About this task -> Restate every line of the data word for word, except for the images.
*** Data provided ***
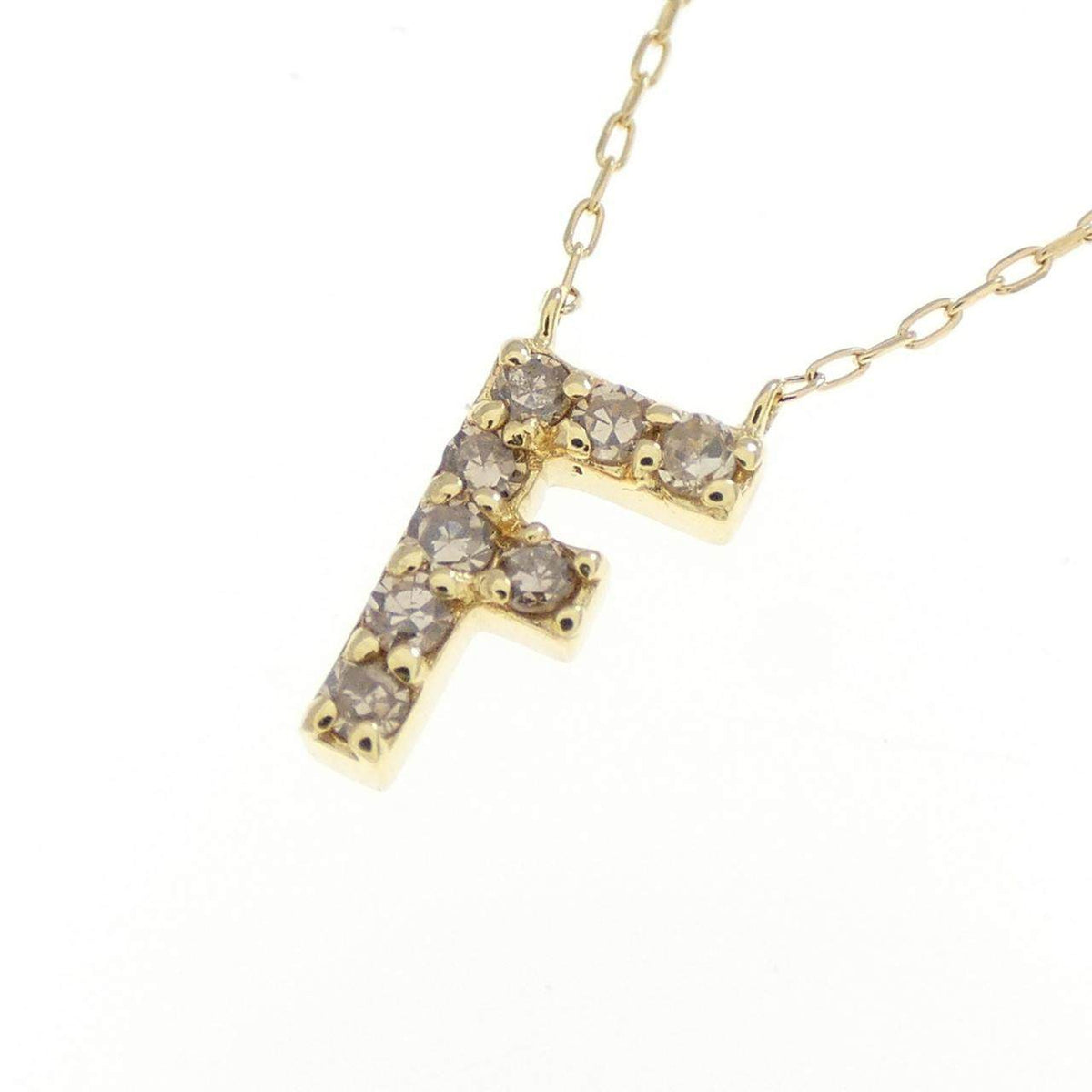 Au750イニシャルFダイヤモンドネックレス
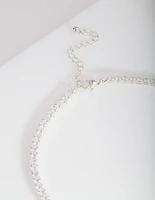 Silver Cubic Zirconia Earrings & Tennis Necklace Set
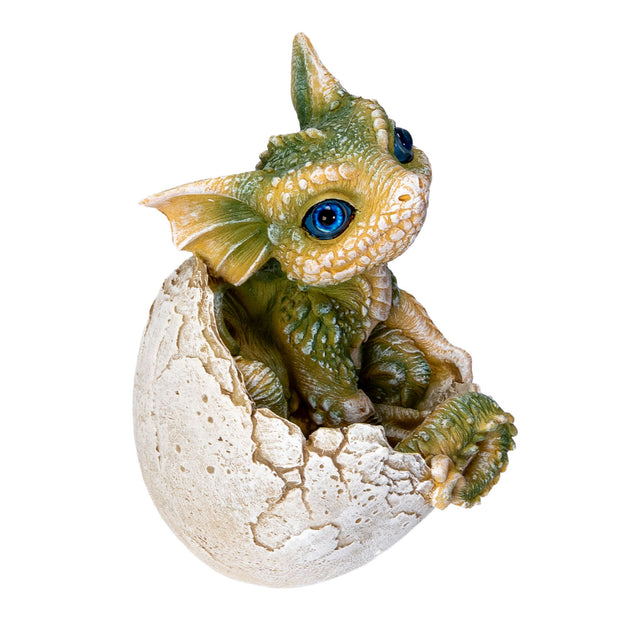 Green baby dragon emerging from an egg 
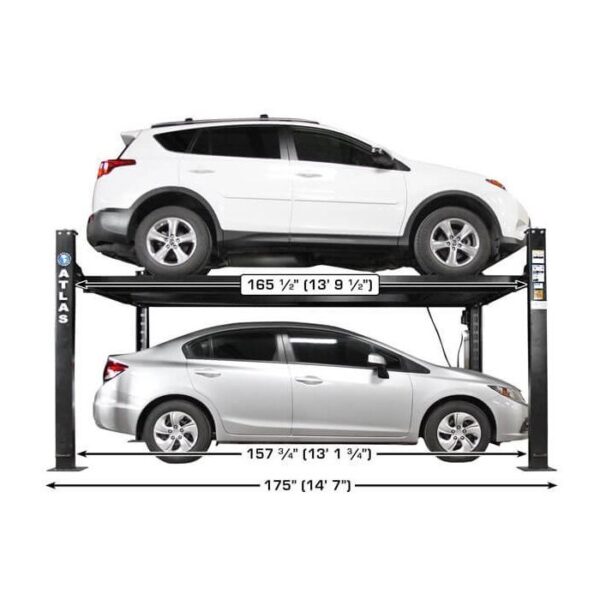 Atlas Apex 8 ALI Certified Four Post Lift + RJ35 Sliding Jacks Combo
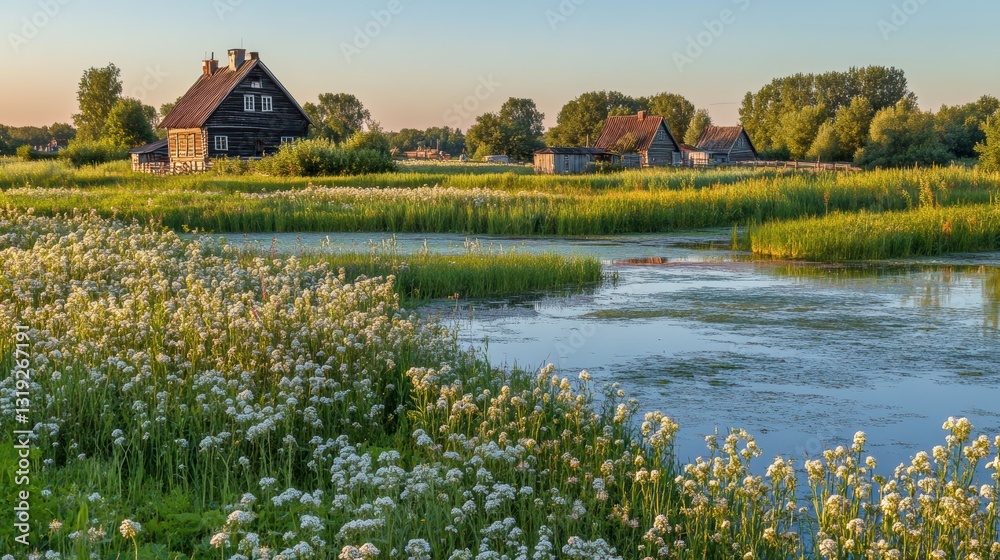 Obraz premium Rustic Wooden Houses Beside A Calm Summer Pond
*** End of Data provided ***
Your solution ->
 Au750イニシャルFダイヤモンドネックレス
 Silver Cubic Zirconia Earrings & Tennis Necklace Set
 Green baby dragon emerging from an egg 
 Atlas Apex 8 ALI Certified Four Post Lift + RJ35 Sliding Jacks Combo
 Obraz premium Rustic Wooden Houses Beside A Calm Summer Pond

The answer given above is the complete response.